Ja mam 4 zasadnicze rady na takie przypadki. Nie wiem czy do części z nich już się może stosujesz, ale z doświadczeń własnych oraz innych osób wiem, iż mogą się okazać w takich sytuacjach pomocne:
a) Zainteresowania - spróbuj wybadać co interesuje takich ludzi. Jeżeli lubią jakiś konkretny rodzaj muzyki, to np. możesz zacząć spędzać przerwy na słuchaniu czegoś w ich typie. Oni podejdą spytają "czego słuchasz ?", powiesz "fifarafa squad", a oni "ooooo dobre ziomek dobre" i już zyskujesz jakieś punkty reputacji

. Ja sam w czasach gimbazjum słuchałem od czasu do czasu hip-hopu (mimo że nigdy nie przepadałem za tą muzyką

) i jak im mówiłem czego słucham, to nagle jakoś tak pozytywniej się do mnie nastawiali. Pamiętam też jak jeden kolo raz chciał się pochwalić jakąś "super vixą", zapodał mi jedną słuchawkę do ucha, mówi że "super basik" ja słucham myślę sobie "co za szrot"

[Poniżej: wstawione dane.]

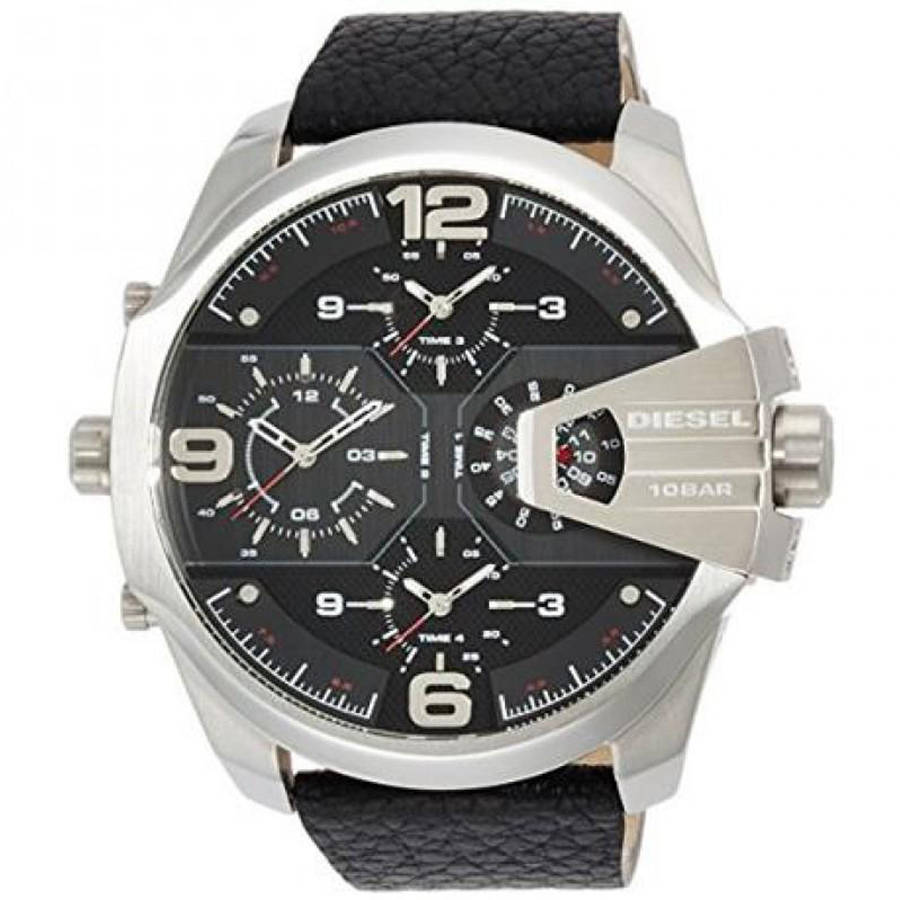 Diesel Uber Chief Oversized 4 Time Black Dial Leather Strap Watch For Men - DZ7376 Buy Now By Diesel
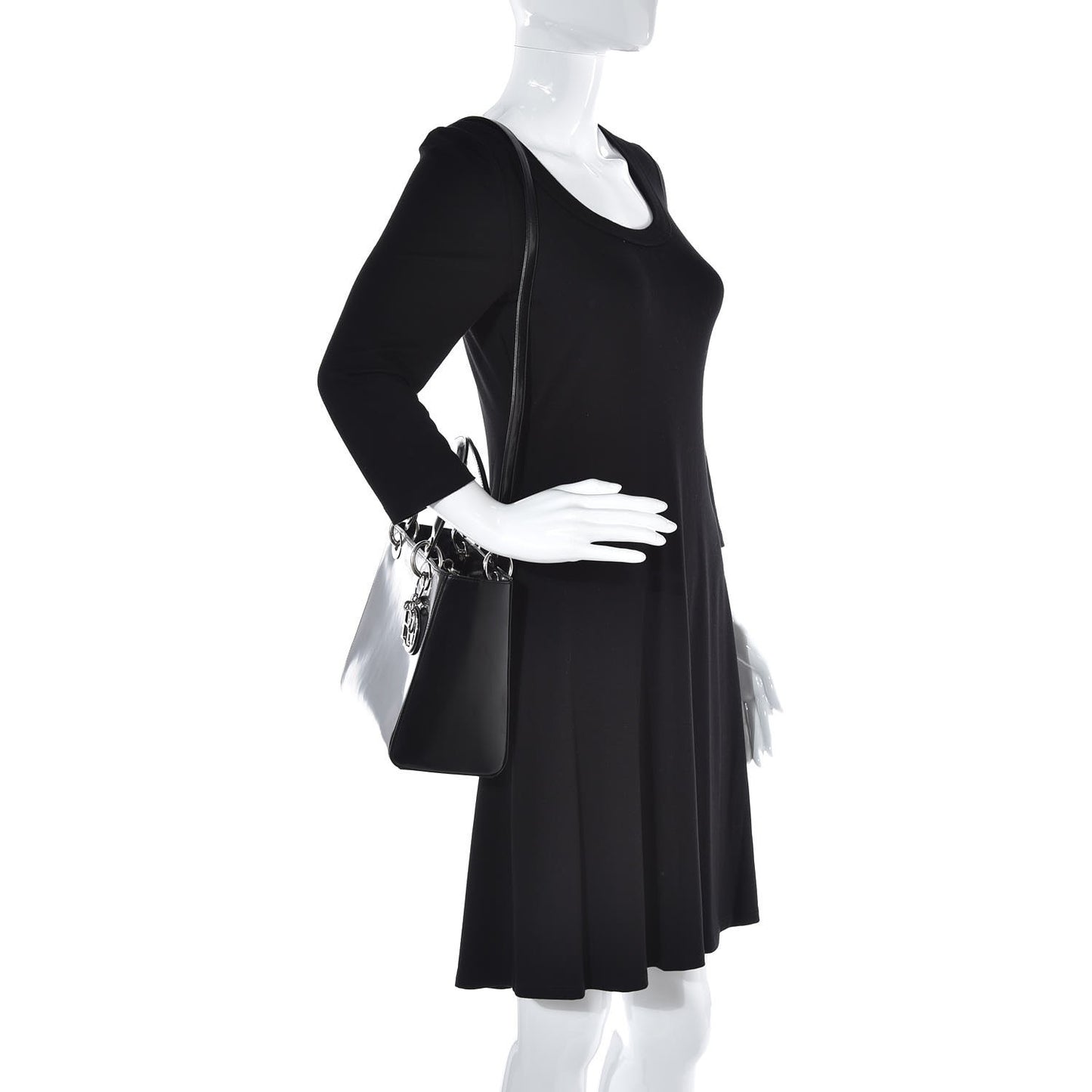 Glazed Calfskin Medium Lady Dior Black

, ale odpowiedziałem mu że "no fajne fajne". Także spróbuj jakoś pozytywnie reagować na ich zainteresowania i też w jakimś stopniu je podzielać.
b) Edukacja - nie wiem jak często odrabiasz lekcje, ale w moim przypadku chyba kluczową sprawą, dzięki której zyskiwałem sobie spokój wśród takich "czepliwych" gości było wypożyczanie im zeszytów z pracą domową do momentu, w którym rozpoczynały się zajęcia z danego przedmiotu. To była prosta i niepisana umowa. Ja daje wam lekcje, wy zostawiacie mnie w spokoju. A jaki ja miałem lekki plecak na pierwszych godzinach hehe

. Same korzyści. Dobrze jest też osiągać odpowiednio wysokie wyniki w nauce i udzielać ewentualnych korepetycji. Wówczas od razu stajesz się takim ludziom przydatny, przez co zaczynają kalkulować "lepiej się go nie czepiać, bo mi nie da domówy spisać". Ale oczywiście wiele zależy również od nich samych. Ja miałem w klasie takich ludzi, którzy może niekoniecznie chcieli mieć dobre wyniki, ale starali się po prostu zdać. Gorzej jeżeli jest to klasa typu "a wyjebane czy zdam czy nie zdam". Wtedy powyższa rada może nie mieć racji bytu.
c) W-F - Wykazanie zaangażowania na lekcjach W-Fu potrafi naprawdę sporo zdziałać w kwestii postrzegania Cię przez klasę. Pamiętam, że o ile przez pierwszych kilka dni w nowej klasie zawsze mogłem sprawiać wrażenie potencjalnego "popychadła", o tyle wszystko to trwało do momentu pierwszych zajęć W-Fu. Od tej chwili ludzie zaczynali - hmm, może nie tyle co się mnie bać, ale nabierali jakiegoś takiego respektu na zasadzie "bez kija nie podchodź" bo wiedzieli, że mają do czynienia z człowiekiem, który nie odpuszcza. I tu wcale nie trzeba mieć jakiejś wielkiej tężyzny fizycznej. Ja sam byłem zawsze chudy i bardzo często rywalizowałem o piłkę z gośćmi 2x szerszymi ode mnie. Ba, to nawet budzi dodatkowy podziw, gdy taki "chuderlak" stawia się takiemu "bykowi". Nie musisz od razu w tych starciach być górą. Grunt żebyś się ich nie bał. Zresztą porównując lekcje W-Fu do np. przerw zauważyłem, że zazwyczaj ci którzy "odpuszczali" w walce o piłkę na boisku byli jednocześnie tymi, którzy byli później "popychadłami" na przerwach. Także nie daj się. Gryź ich po kostkach. Urwij im jaja. Na W-Fie można więcej. Wykorzystaj to

.
d) Unikanie - jeżeli powyższe metody albo zawodzą, albo nie masz ochoty ich stosować możesz postępować tak, jak to robił mój znajomy z liceum (też intro). Otóż on praktycznie każdą przerwę od 10 minut wzwyż spędzał z dala od klasy ba, on po prostu wychodził ze szkoły, gdzieś tam sobie siadał i czytał książkę. Co prawda klasa w liceum była spoko, ale on też chyba nie robił tego ze względu na to, że kogoś się obawiał (po prostu lubił tak spędzać czas). Dlatego jeżeli mogę ci coś doradzić, to spróbuj np. znaleźć jakieś odludne i ciche (np. czytelnia) miejsce w szkole, w którym mógłbyś spędzić taką dłuższą przerwę, a od razu będziesz miał więcej spokoju i swobody. No chyba że oni są do tego stopnia obsesyjnie nastawieni, że będą za Tobą łazić po całej szkole byleby tylko Cię zaczepiać. Wtedy to lepiej nawet unikać miejsc gdzie jest mało ludzi, bo to wręcz prowokuje takich gnojków do jeszcze gorszego traktowania drugiego człowieka.